MATERIAL FOR THIS EXERCISE:
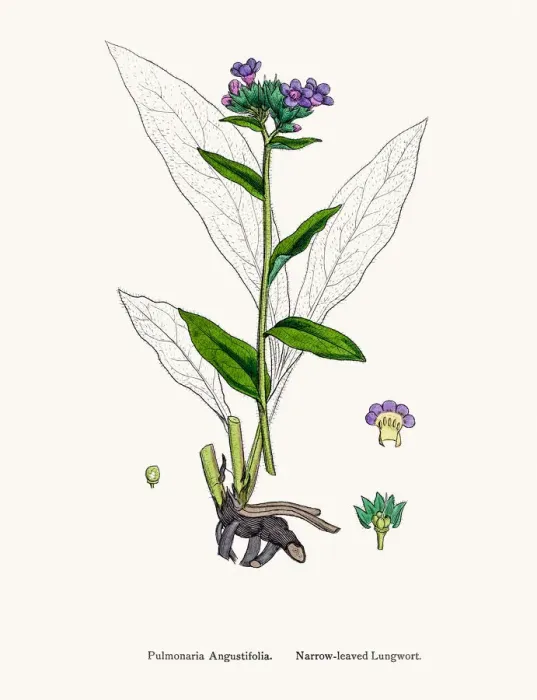 Framed Print : Pulmonaria Lungwort flower plant against lung disease Framed Print : Pulmonaria Lungwort flower plant against lung disease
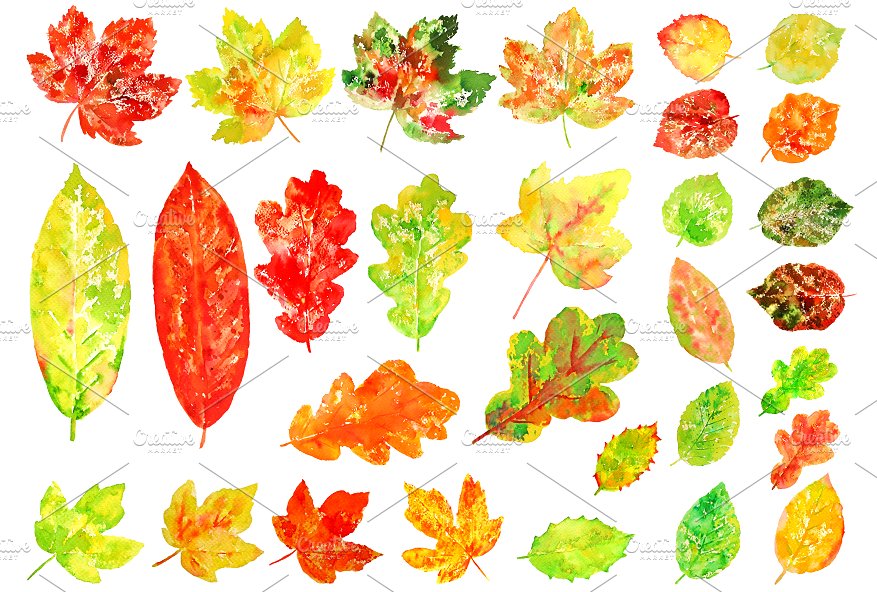 Watercolor Colorful Leaves Cli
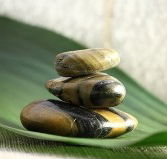 The Nature of Balance - Attractions Brisbane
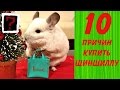 10 ПРИЧИН КУПИТЬ ШИНШИЛЛУ!- Интересные факты!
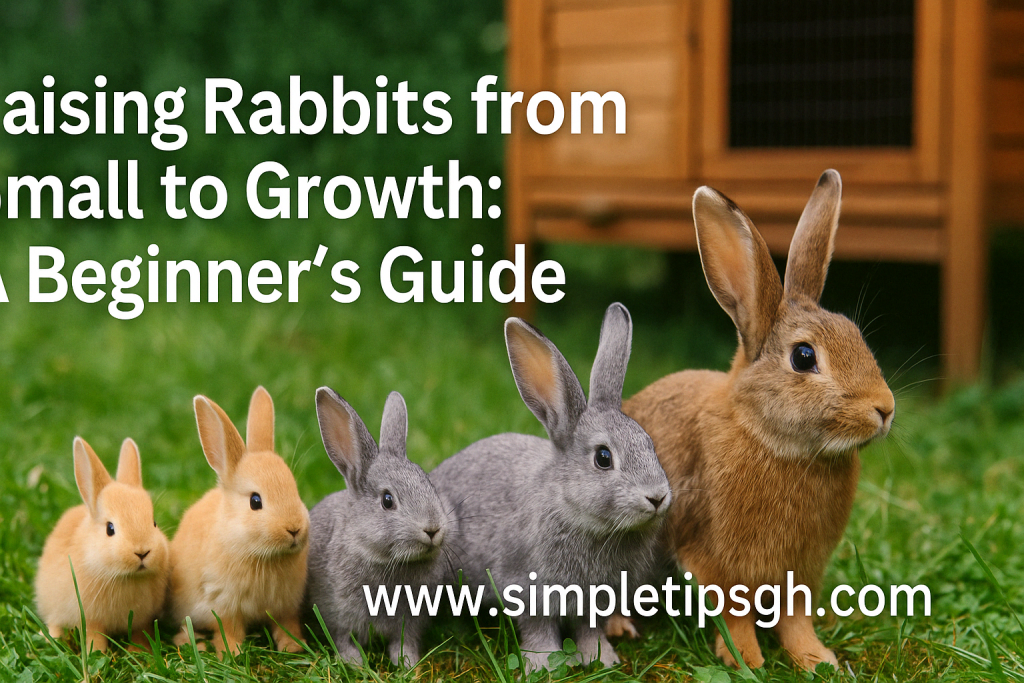 Raising Rabbits from Small to Growth: A Beginner’s Guide Raising rabbits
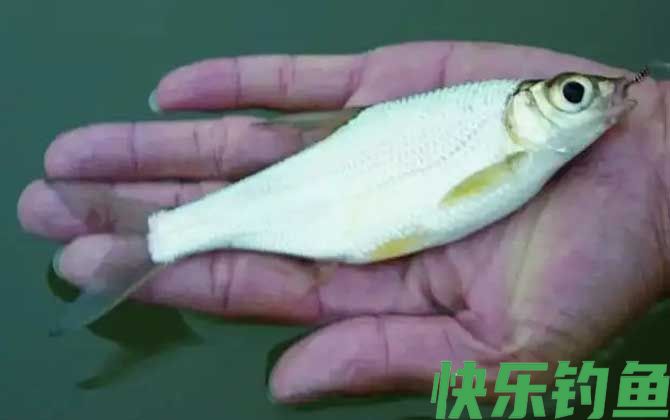 华鳊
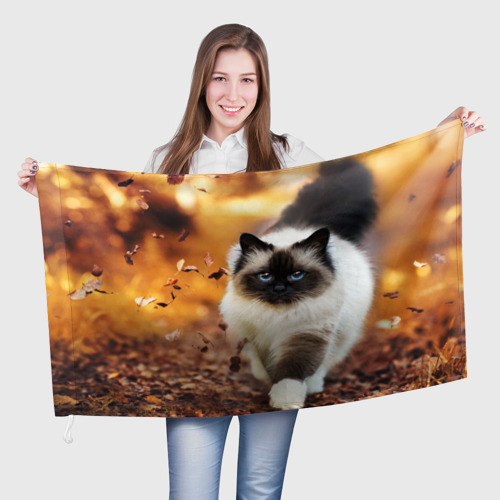Флаг 3D Котик в листьях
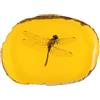 Alasum Ciondolo in Ambra Artificiale Insetto 1 Pezzo Giallo Elegante | Resina e Ambroid, Aspetto Pietra Ambra Naturale, Forma Unica, per Amici e Amanti della Natura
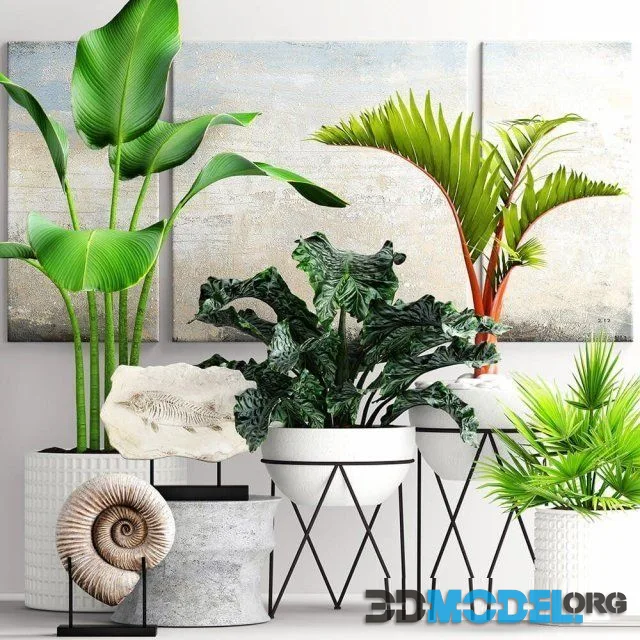 The collection of plants in pots 15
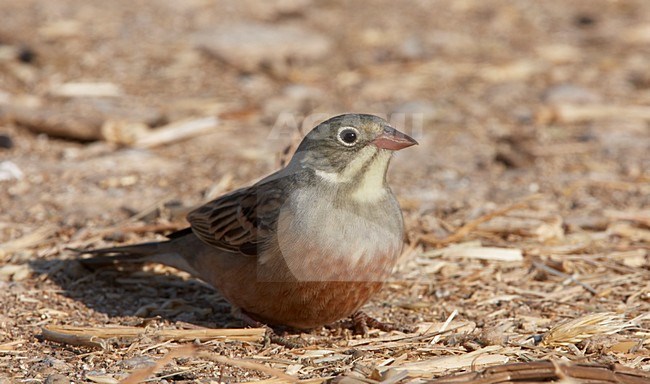 Mannetje Ortolaan in zit; Male Ortolan Bunting perched stock-image by Agami/Markus Varesvuo,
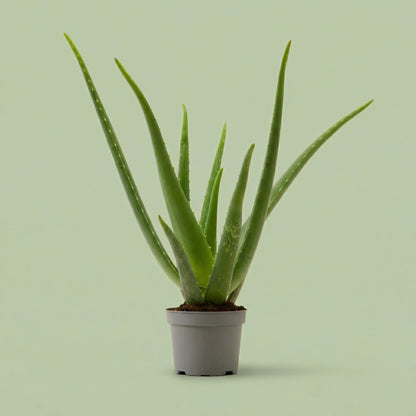 Aloe Vera M - plants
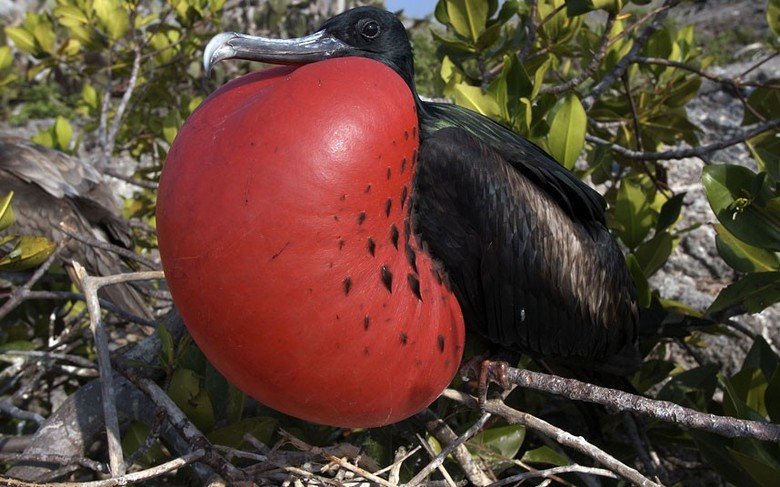 Frigatebird comp. The frigatebird is a large species of sea-bird that has an enormous wingspan that often exceeds two meters in length. Male frigatebirds are mo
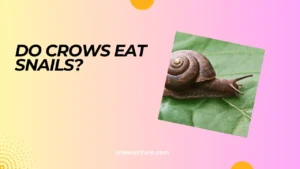 Do Crows Eat Snails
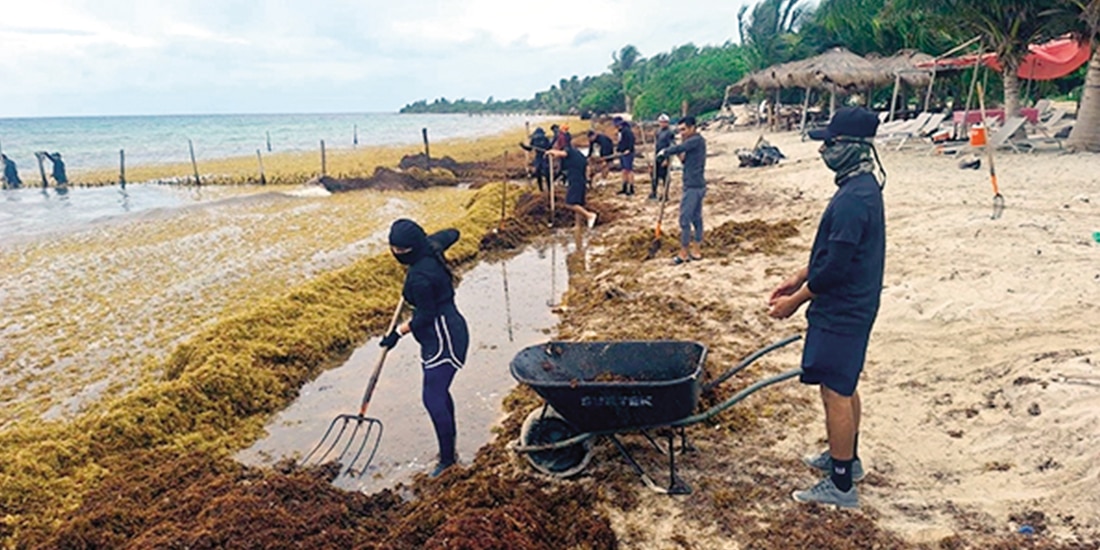 La Semar realiza labores de recolección de la macroalga en QRoo, ayer.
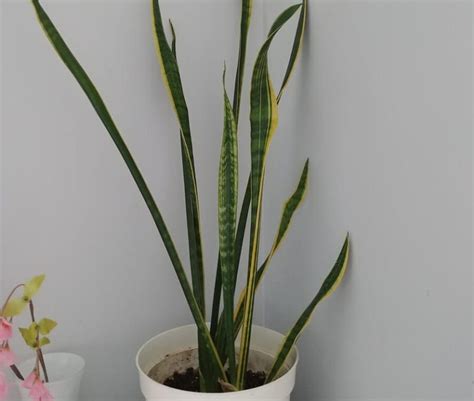 Does citronella grow in shade? How Fast Do Snake Plants Grow? - The Practical Planter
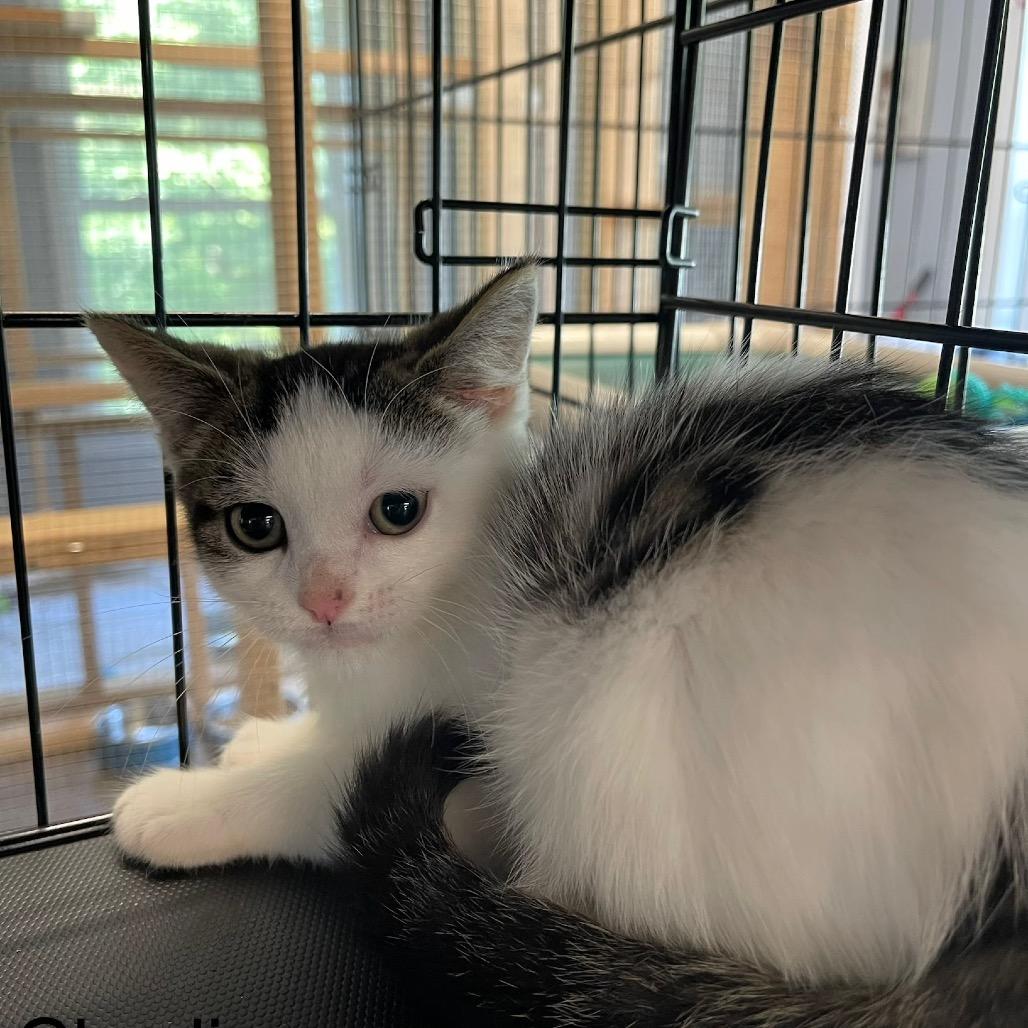 Enlarge Charlie, a Adoptable Domestic Short Hair in Wappingers Falls, NY image 1/2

WORK TASK:
Going by the entries above, repeat exactly the lines that start at the line with "Aloe Vera M - plants" and go on through the line with "La Semar realiza". Pictures are not part of the copy.

RESPONSE TO THIS EXERCISE:
 Aloe Vera M - plants
 Frigatebird comp. The frigatebird is a large species of sea-bird that has an enormous wingspan that often exceeds two meters in length. Male frigatebirds are mo
 Do Crows Eat Snails
 La Semar realiza labores de recolección de la macroalga en QRoo, ayer.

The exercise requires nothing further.